Football commentators and 'experts' stupid cliches. They've set out their stall........................They're not market traders. It came to his wrong foot.........................At 80grand a week practice with the other one. It's early doors .........................Isn't a door there all day. He put his body on the line......................He didn't. He got in the way of a lightweight plastic coated ball.
Got mine tomorrow they kept saying I had to book soon or get the original fine and points so booked for tomorrows date by mistake so can't get to the game tomorrow, never been to your new ground. If I put my foot down after the course I should be able to listen to it on the radio
I live in Dinas Powys, and to get to where I live you have to drive over a humped back bridge - the Murch bridge. I had some guy overtake me just before the apex of the hump once - if there'd been someone crossing the road on the other side they wouldn't have stood a chance.
Red, sorry to hear that mate, but look on the bright side, you can sit, listen, learn and not lose any points to the boys in blue...as against losing three points to the boys in red!
Know the bridge well Quo Vadis lucky there wasnt a car coming the other way as well then. There are idiots drivers wherever you live and JH that statement is actually not far from the truth Bristol has an amazing amount cars without indicators working as well, my car actually failed its MOT due to mine working correctly
Never heard that expression before and just figured he'd missed the OFF in the thread title. They do use the phrase "I'm pissed" instead of "I'm pissed off" which pisses me off.
There could be a Chicago in Wales. After all I've heard it said that Merthyr on a Saturday night is just like Dodge City.
Oddly enough my very first job on leaving school in 1976 was working as a photographers assistant - he was from Chicago.
Another birthday approaching and the lines on the face depeen. My time with the younger opposite sex is quickly disappearing. I need to start some kind of franchise along the lines of playboy me thinks......
In shops: Do you want a receipt?, Do you have a Nectar card? Do you have a parking ticket?How do you want to pay?,Do you want cashback? NO.Its a ****in Kit-Kat.Just give me my change.
I agree with all of those Spearsy. Hmmmm.....joined in March 2011 but only your second post since then Spearsy - that avatar of Robin Friday looks very familiar too - someone else had that.......I wonder.
The expression "what pisses you" is not one I use, it's modern....too I modern for me. No, it was a case of being an old fart, and not checking my heading, simple! Anybody know how to correct a title folks?

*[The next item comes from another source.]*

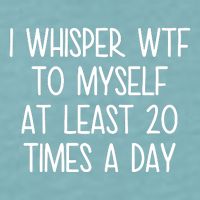 I Whisper Wtf To Myself At Least 20 Times A Day Funny Sueded Cloud Jersey T-Shirt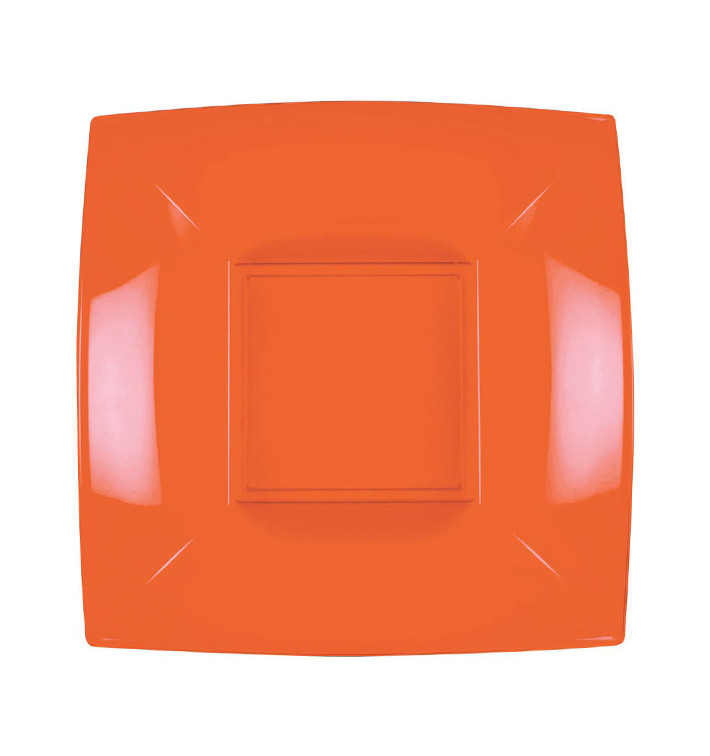 Prato Plastico Fundo Laranja Nice PP 180mm (25 Uds) Prato Plastico Fundo Laranja Nice PP 180mm (25 Uds)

I don't think its an age thing, i'm in my twentys and most of what you've mentioned annoys me!! A few other ones include: People who sit on the outside seat on a train/bus and put there bags on the inside seat. When you asked them to move they look at you as if you've gone into their house and pissed on there presents on xmas day! People who don't say please and thank you - its not hard! Kids who won't give up a seat on train/bus for old people! People who call the BARCLAYS premiership the ENGLISH premier league. English people who honestly believe England will win the world cup/ euros etc. I'll leave it at that i could go on all day!!